====== Records to use ======
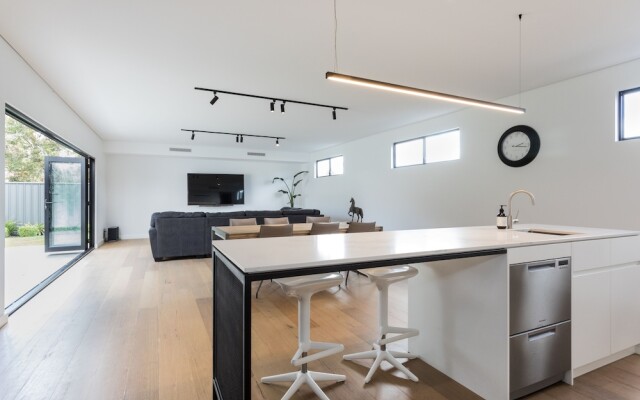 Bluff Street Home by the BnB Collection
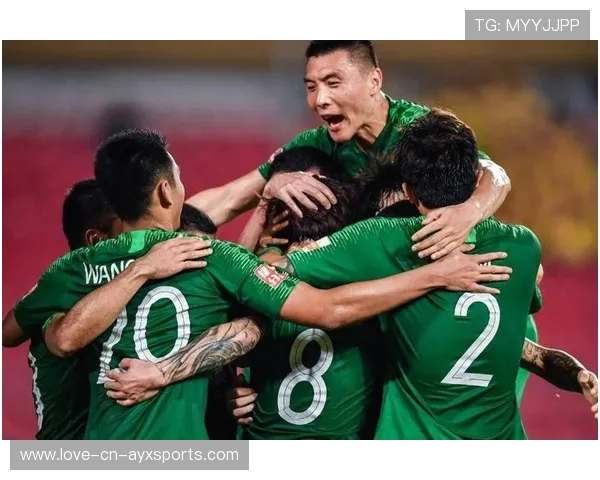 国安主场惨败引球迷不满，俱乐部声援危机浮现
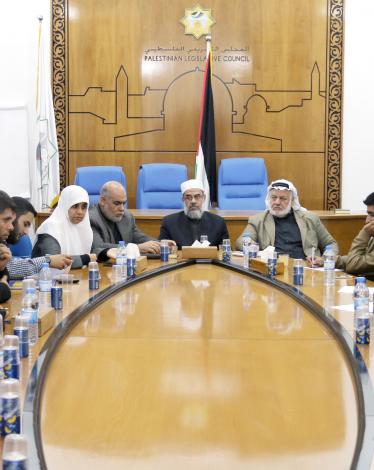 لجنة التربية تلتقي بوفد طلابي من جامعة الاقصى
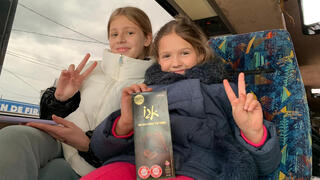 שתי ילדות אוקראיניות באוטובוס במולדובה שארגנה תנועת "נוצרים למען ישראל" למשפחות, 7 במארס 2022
======
====== Records to use ======
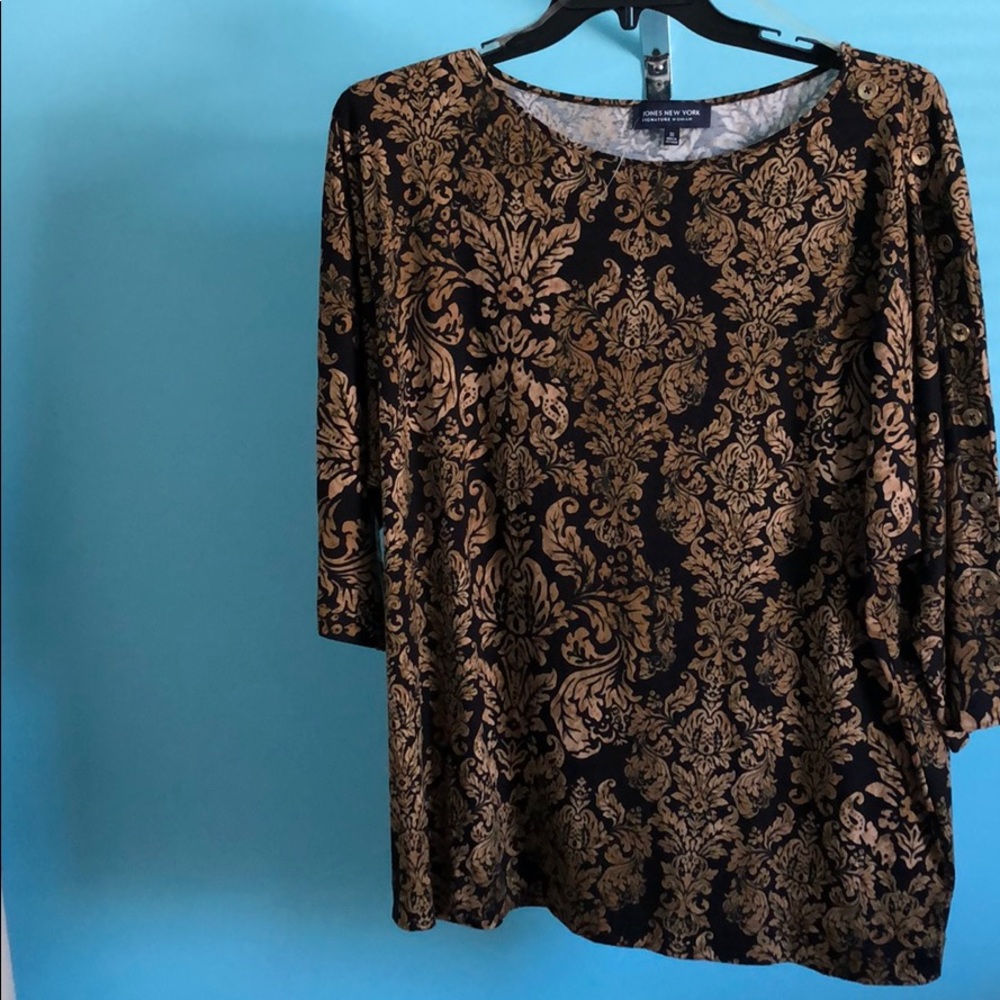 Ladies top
======
Word for word, write out the lines above running from the one with "Bluff Street Home by the BnB Collection" up to and including the one with "שתי ילדות אוקראיניות". Drop any picture.

> [Answer to the problem]:
 Bluff Street Home by the BnB Collection
 国安主场惨败引球迷不满，俱乐部声援危机浮现
 لجنة التربية تلتقي بوفد طلابي من جامعة الاقصى
 שתי ילדות אוקראיניות באוטובוס במולדובה שארגנה תנועת "נוצרים למען ישראל" למשפחות, 7 במארס 2022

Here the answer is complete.